Managed antivirus services place antivirus client software on each client computer in your network. Then, an antivirus server automatically updates the clients on a regular basis to make sure that they’re kept up to date.
Server-based antivirus software protects your network servers from viruses. For example, you can install antivirus software on your mail server to scan all incoming mail for viruses and remove them before your network users ever see them.
Some firewall appliances include antivirus enforcement checks that don’t allow your users to access the Internet unless their antivirus software is up to date. This type of firewall provides the best antivirus protection available.
Safe computing
Besides using an antivirus program, you can take a few additional precautions to ensure virus-free computing. If you haven’t talked to your kids about these safe-computing practices, you had better do so soon.
Regularly back up your data. If a virus hits you and your antivirus software can’t repair the damage, you may need the backup to recover your data. Make sure that you restore from a backup that was created before you were infected by the virus!
If you buy software from a store and discover that the seal has been broken on the disk package, take the software back. Don’t try to install it on your computer. You don’t hear about tainted software as often as you hear about tainted beef, but if you buy software that’s been opened, it may well be laced with a virus infection.
Use your antivirus software to scan your disk for virus infection after your computer has been to a repair shop or worked on by a consultant. These guys don’t intend harm, but they occasionally spread viruses accidentally, simply because they work on so many strange computers.
Don’t open e-mail attachments from people you don’t know or attachments you weren’t expecting.
Use your antivirus software to scan any CD-ROM or flash drive that doesn’t belong to you before you access any of its files.
Patching Things Up
One of the annoyances that every network manager faces is applying software patches to keep the operating system and other software up to date.

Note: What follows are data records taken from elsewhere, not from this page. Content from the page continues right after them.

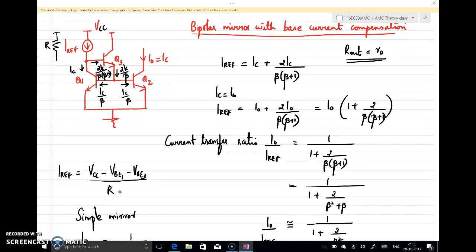Pause the video and try to understand how we obtain the current transfer ratio and how there is an improvement in it. The error was reduced compared to the previous circuit, but the output resistance remains the same. Thank you.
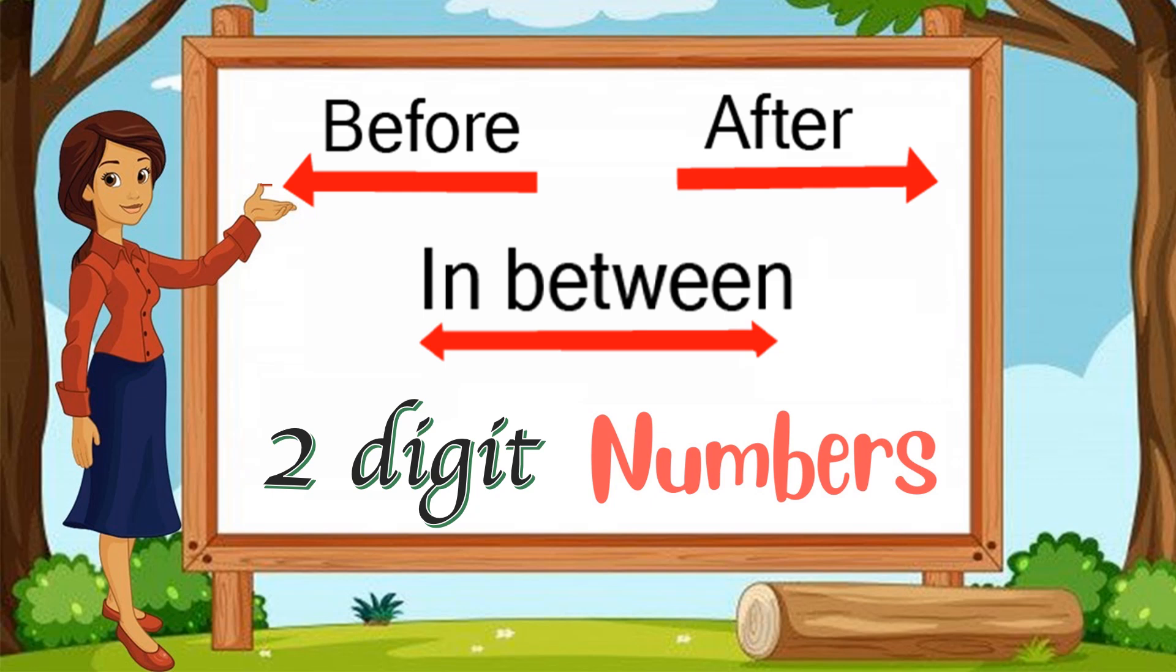Hello children, today we are going to learn a very interesting topic: to identify before, after, and in-between numbers of two-digit numbers. If you are new on our channel, please subscribe and press the bell icon.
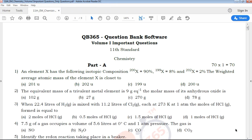Hi viewers, welcome to QB365. This video covers 11th Standard Chemistry Volume 1 important questions. We will talk about the important questions in this video.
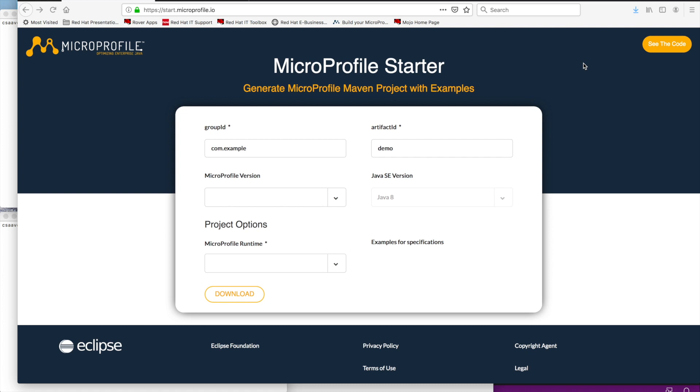Hello, my name is Cesar Acevedra and I'm a Technical Product Marketing Manager with Red Hat Middleware BU. In this session we're going to cover the MicroProfile Starter.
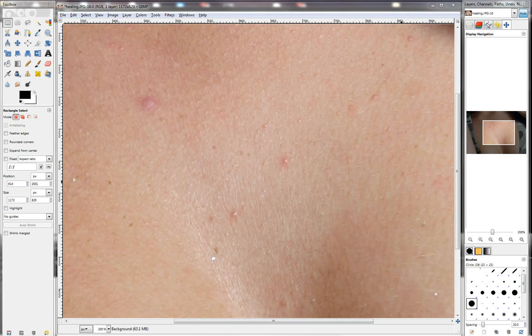In this video we are going to have a look at the Healing Tool. This tool works in exactly the same way as the Clone Tool which we looked at in the previous video. Now when it comes to skin, the Healing Tool does a much better job than the Clone Tool. I'm first going to show you why you shouldn't use the Clone Tool when working on someone's skin.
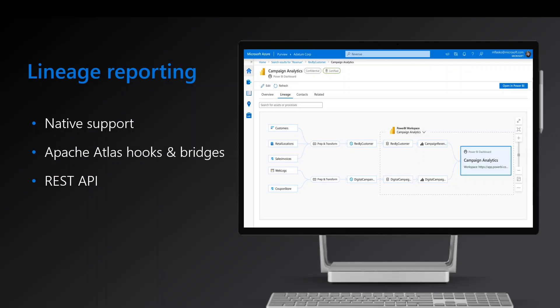And finally, manual reporting of lineage using REST APIs. The Purview REST APIs can be used to report lineage between datasets. You can integrate the Purview REST APIs in your data processes to report custom lineage as appropriate.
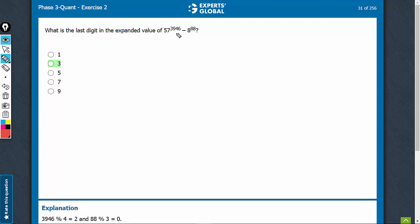3, 9, 4. 6 will leave remainder 2 with 4. 88 will leave remainder 0 with 4, and therefore we will take the remainder as 4.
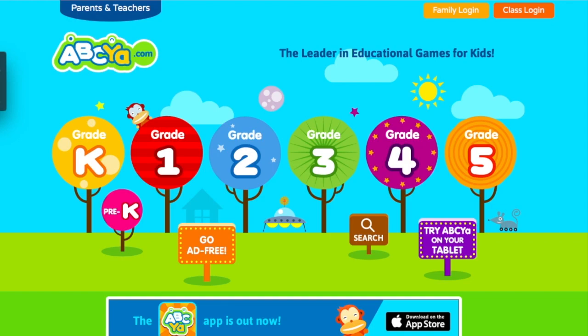Hello everyone! Today I'll be talking about my top seven websites that I like to use in the classroom with my students. I will not go into detail on each website because I could easily talk about this for an hour or two, so I'll just do a quick overview of each one and provide all the links down below. I teach kindergarten, so some of these will be pretty specific to kindergarten, but others you can use for different grade levels.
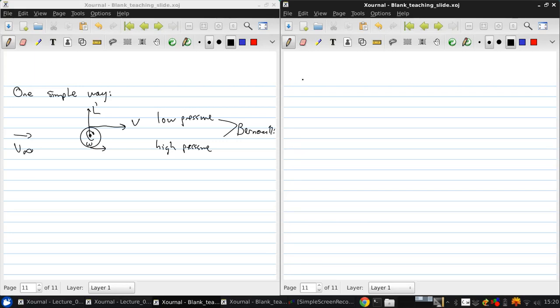So finally, we can put all this together and start relating it to airfoils.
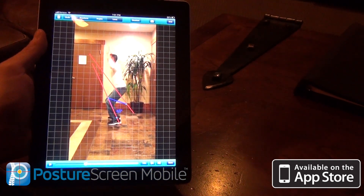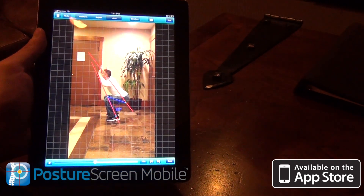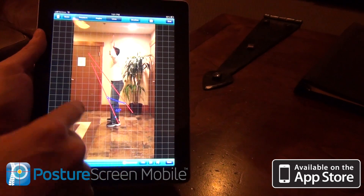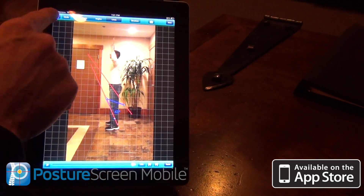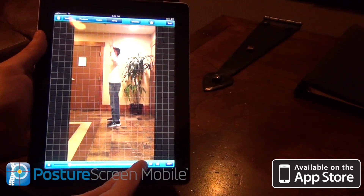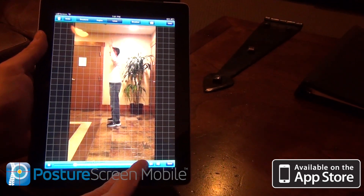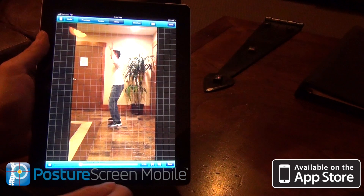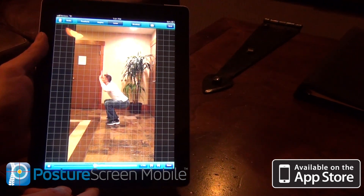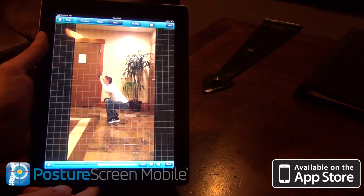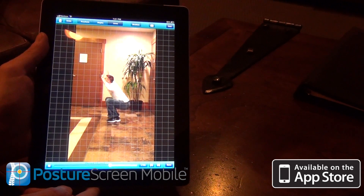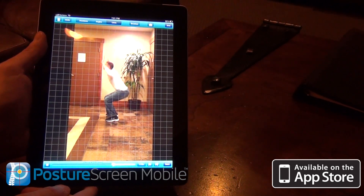Now if I wanted to just go ahead and play this, I could play this down. I'm going to turn down the volume so you don't hear me coaching the patient. You'll see how he squats down and comes back up. And let's go ahead and slow this down - I can do it at 1/16th of speed.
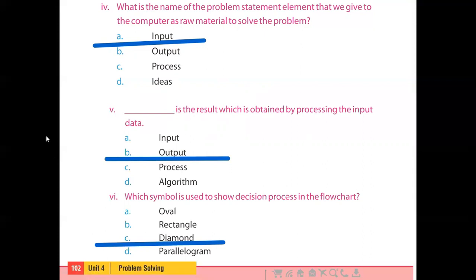Part number 5 is: dash is the result which is obtained by processing the input data. Students, when solving problems we have a raw material as input and then we have a final result. So basically, what is the final result? Output. Option B is the right option.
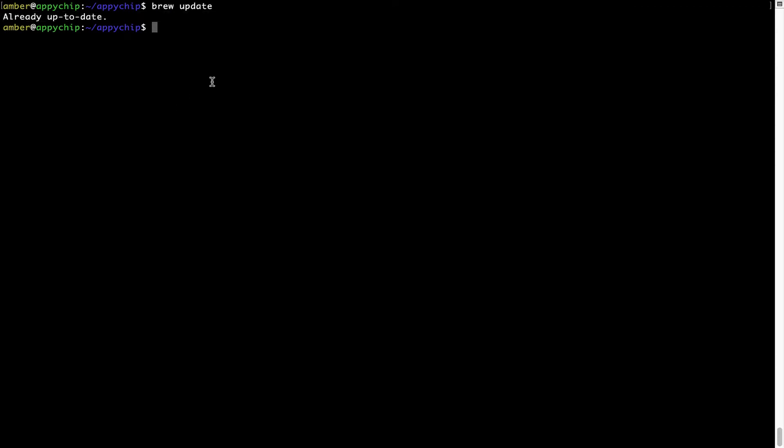Now to install the app, let's run the brew install command. Mind you, if during installation, if you're prompted to enter a password, enter your Mac user's password to continue.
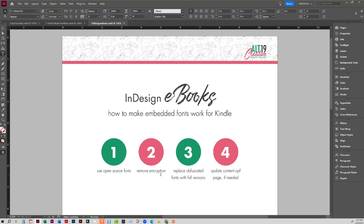Okay, so what they do is, let's say you use Futura. They take that Futura font and they remove any characters that were not used in the EPUB from that font file and generate a new font file of Futura just for the ebook.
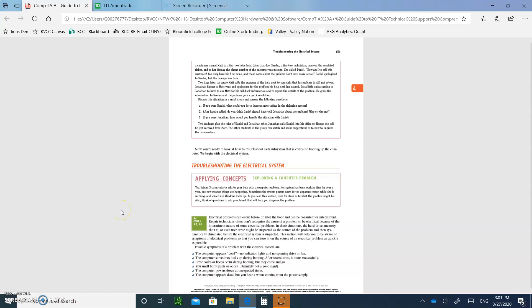All right, hello and welcome to part two of chapter four. Okay, so let's continue where we started off.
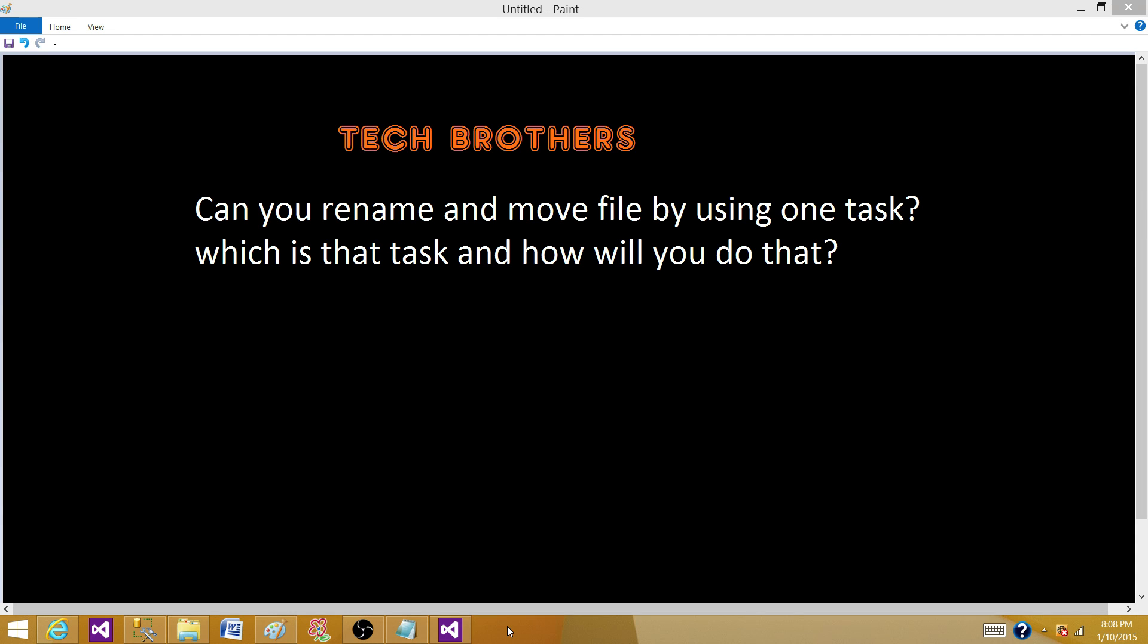Welcome to Tech Brothers with Dahmer. Today we are going to answer this question. Can you rename and move file by using one task? Which is that task and how will you do that?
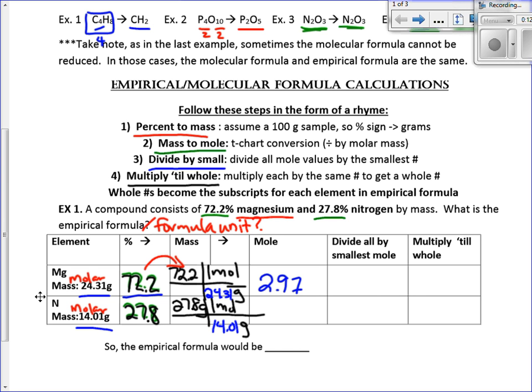Now we calculate. We do 72.2 divided by 24.31 to get our moles of magnesium. Since this has three digits, I'm going to go to three digits. Then I do 27.8 divided by its molar mass of 14.01, and that's going to be 1.98. So far we've done percent to mass and mass to moles. Now, the third step says divide by small.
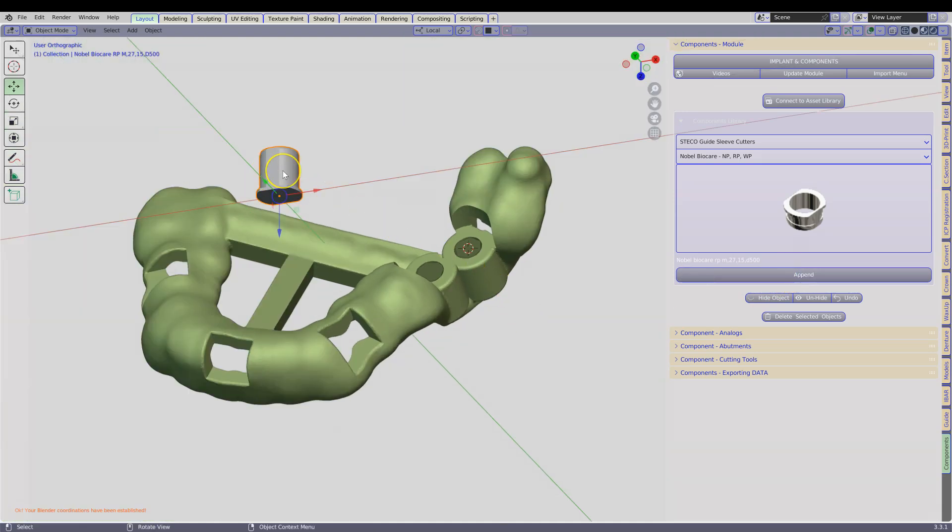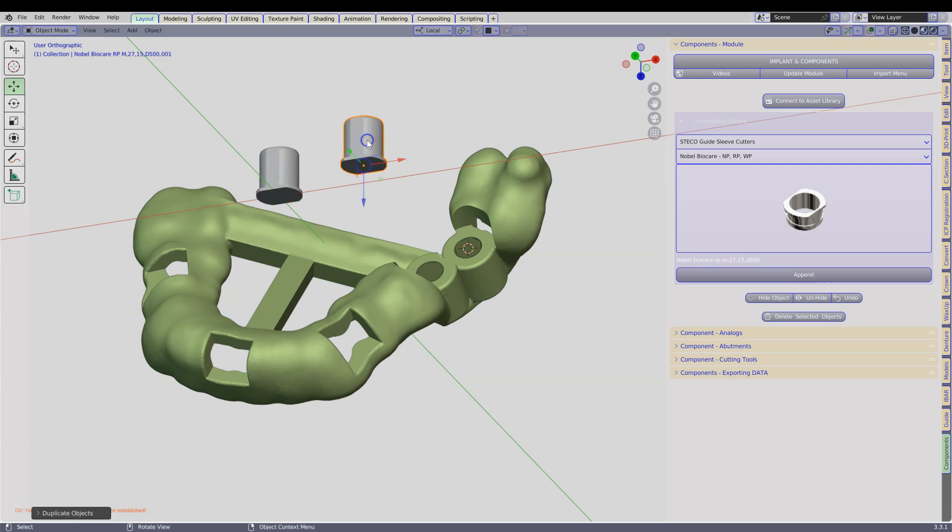Append that into the scene. We want two of these, so Shift D. Go back to the guide module.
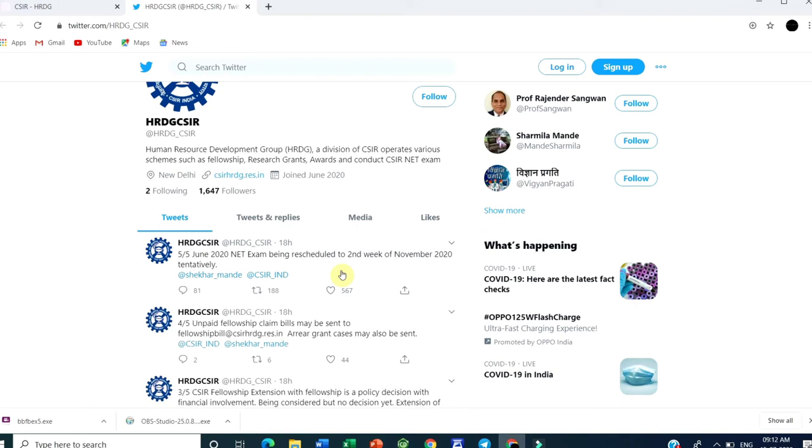Based on this tentative date, you can start your preparation. I think almost three to four months are there. If possible, I will make a video on the preparation strategy.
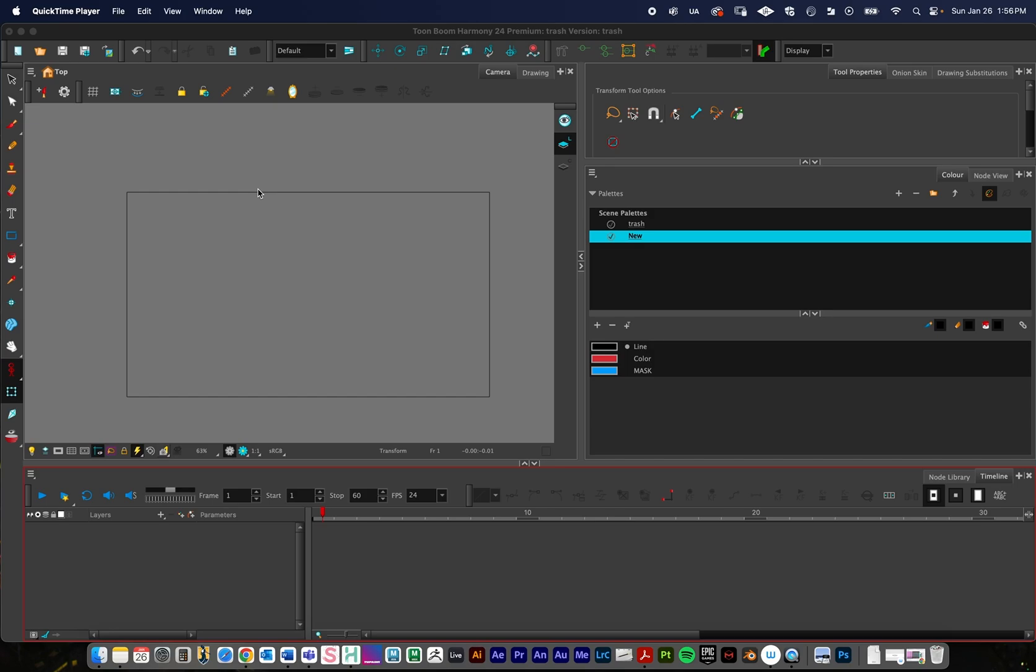Sometimes when you're rigging a character and you try to use the deformers, the solid color or the lines can start to overlap and get real funky if you start to push the deformer a little too far. So if you run into that, you can follow these steps to try to fix it.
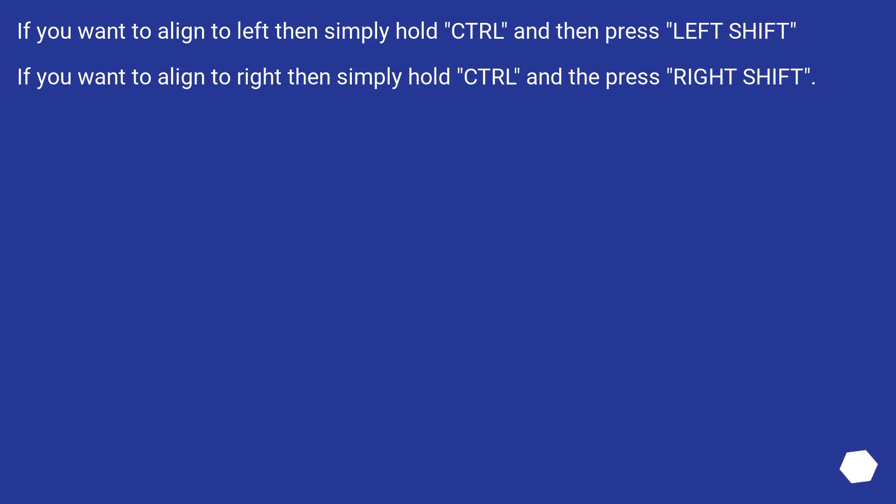If you want to align to left, then simply hold Ctrl and then press left Shift. If you want to align to right, then simply hold Ctrl and then press right Shift.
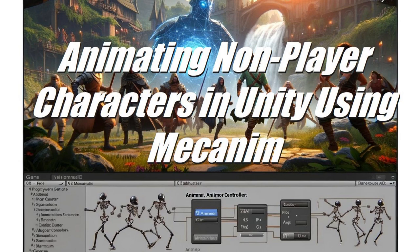One of the key aspects of creating convincing NPCs is through the use of animation. Unity, a popular game development engine, offers a powerful animation system called Mcanim, which allows developers to create and control character animations with ease. In this paper, we will explore the process of animating NPCs using Unity's Mcanim system, from the fundamentals to advanced techniques and optimization considerations.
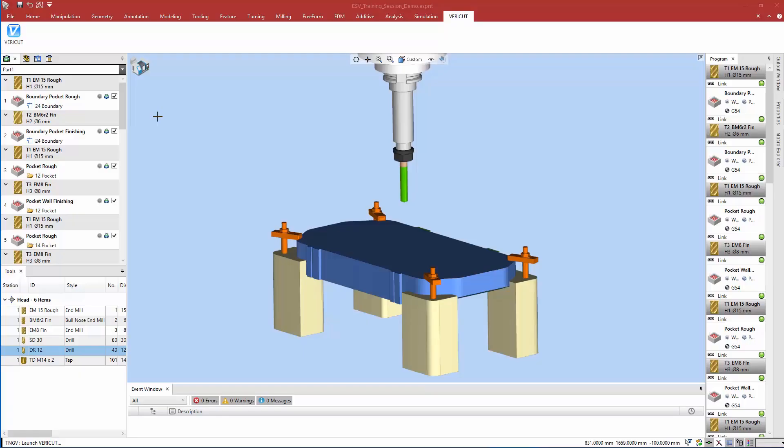This video will provide a brief overview showing how simple it is to run a VeriCut session by using the Esprit TNG to VeriCut interface.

A software patch is a minor update that fixes the small glitches that crop up from time to time, such as minor security or performance issues. These glitches aren’t significant enough to merit a new version of the software, but they’re important enough to require fixing. Most of the patches correct security flaws that computer hackers have uncovered in their relentless attempts to prove that they are smarter than the security programmers at Microsoft.
Periodically, all the recently released patches are combined into a service pack. Although the most diligent network administrators apply all patches when they’re released, many administrators just wait for the service packs:
For all versions of Windows, you can use the Windows Update website to apply patches to keep your operating system and other Microsoft software up to date. Windows Update scans your computer’s software and creates a list of software patches and other components that you can download and install. To use Windows Update, open the Control Panel, click System and Security, and then click Windows Update.
You can configure Windows Update to automatically notify you of updates so you don’t have to remember to check for new patches.
You can subscribe to a service that automatically sends you e-mail to let you know of new patches and updates.
Keeping a large network patched can be one of the major challenges of network administration. If you have more than a few dozen computers on your network, consider investing in server-based software that's designed to simplify the process. For example, Lumension (www.lumension.com) is a server-based program that collects software patches from a variety of manufacturers and lets you create distributions that are automatically pushed out to client computers. With software like Lumension, you don't have to rely on end users to download and install patches, and you don't have to visit each computer individually to install patches.